His consistency on the APPT circuit almost won him the Asia Player of the Year title, and he has certainly shown that he is a player to watch in the coming years.
1. When and why did you start playing poker? When did you decide to make a living from it?
KC: I knew poker in year 2004. For many years, I wanted to understand this game in a fuller context and prove my ability to compete in tough poker tournaments. However, I did not have a chance to pursue this dream until I received the greenlight from my family to quit my full-time accountant job in year 2013. At the beginning, I did not have much expectation to earn a living from poker but instead I take this as my own precious moments to pursue my dream. Hence, I have been keeping some part-time conventional jobs such as lecturing accounting courses and setting examination papers. Up till now, I still spent around 30% of my time on these part-time jobs.
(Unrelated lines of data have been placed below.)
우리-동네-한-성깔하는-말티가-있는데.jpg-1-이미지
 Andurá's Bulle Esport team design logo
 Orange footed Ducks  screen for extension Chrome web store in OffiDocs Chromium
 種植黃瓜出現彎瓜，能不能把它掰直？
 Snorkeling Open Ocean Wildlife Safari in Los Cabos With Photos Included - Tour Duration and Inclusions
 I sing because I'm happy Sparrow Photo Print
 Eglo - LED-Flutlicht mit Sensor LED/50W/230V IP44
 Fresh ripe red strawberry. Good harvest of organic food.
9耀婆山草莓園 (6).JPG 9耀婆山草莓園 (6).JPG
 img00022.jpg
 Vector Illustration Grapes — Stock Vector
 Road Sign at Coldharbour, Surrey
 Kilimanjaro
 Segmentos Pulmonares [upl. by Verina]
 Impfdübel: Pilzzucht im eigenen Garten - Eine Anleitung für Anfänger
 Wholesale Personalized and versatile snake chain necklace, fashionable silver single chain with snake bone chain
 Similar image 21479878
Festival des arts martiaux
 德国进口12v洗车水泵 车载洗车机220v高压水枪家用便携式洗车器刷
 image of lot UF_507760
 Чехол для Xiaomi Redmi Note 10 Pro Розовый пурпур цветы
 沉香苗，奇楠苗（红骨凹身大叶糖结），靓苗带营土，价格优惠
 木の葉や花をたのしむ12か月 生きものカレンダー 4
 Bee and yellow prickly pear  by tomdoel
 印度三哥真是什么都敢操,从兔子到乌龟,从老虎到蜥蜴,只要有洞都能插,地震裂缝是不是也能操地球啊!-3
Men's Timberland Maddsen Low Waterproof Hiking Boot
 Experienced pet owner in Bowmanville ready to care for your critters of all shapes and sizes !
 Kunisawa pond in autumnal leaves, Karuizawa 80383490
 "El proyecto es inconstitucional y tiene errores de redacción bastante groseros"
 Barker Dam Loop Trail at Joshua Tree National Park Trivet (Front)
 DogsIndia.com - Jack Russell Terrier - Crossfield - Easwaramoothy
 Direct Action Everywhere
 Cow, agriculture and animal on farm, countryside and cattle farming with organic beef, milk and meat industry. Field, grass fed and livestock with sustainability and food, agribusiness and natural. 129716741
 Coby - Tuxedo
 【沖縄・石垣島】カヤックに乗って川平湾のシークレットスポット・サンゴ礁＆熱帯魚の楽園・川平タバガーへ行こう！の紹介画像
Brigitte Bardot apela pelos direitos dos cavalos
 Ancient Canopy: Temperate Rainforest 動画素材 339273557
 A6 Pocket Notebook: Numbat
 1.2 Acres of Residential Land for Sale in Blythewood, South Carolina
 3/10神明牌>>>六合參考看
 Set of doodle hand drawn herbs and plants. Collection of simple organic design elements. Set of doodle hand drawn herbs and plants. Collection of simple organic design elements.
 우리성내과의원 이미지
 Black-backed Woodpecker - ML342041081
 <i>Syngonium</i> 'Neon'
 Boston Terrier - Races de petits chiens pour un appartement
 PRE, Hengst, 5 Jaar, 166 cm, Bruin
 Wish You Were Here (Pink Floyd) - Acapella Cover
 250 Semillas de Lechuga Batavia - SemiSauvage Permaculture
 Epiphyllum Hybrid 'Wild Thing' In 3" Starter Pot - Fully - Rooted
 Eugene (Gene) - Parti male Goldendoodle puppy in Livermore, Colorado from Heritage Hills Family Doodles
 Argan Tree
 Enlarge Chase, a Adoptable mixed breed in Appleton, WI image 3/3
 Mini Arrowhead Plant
2. You are focusing your energy on live tournaments. Why did you choose this format?
KC: I was involved in various kind of sports including rowing, bridge, distance running, soccer, etc. Live tournament poker gives me a similar feeling as sports and the satisfaction from winning a poker trophy is not less than winning a gold meal in a coxed-8 race in rowing or a Champion trophy in Swiss team bridge competition. The mental exhaustion of playing highly concentrated poker for 4 days in ACOP Main and Aussie Millions Main is not less than the physical exhaustion of running 42.195km full marathon. The above similarities to sports are the major reasons I choose live tournament poker.
KC Wong (Photo kenneth Lim courtesy of PokerStars)
3. What is your greatest memory as a poker player?
KC: A player approached me for formal coaching in late 2014. I felt great of being recognized and trusted.
4. You finished few days ago 8th of the Aussie Millions Main Event. How do you feel about it?
KC: Together with the 11th place finish in the 2015 ACOP Main, this is my second consecutive deep runs in major events. I feel having stepped up to another level and the need to study harder for further improvements.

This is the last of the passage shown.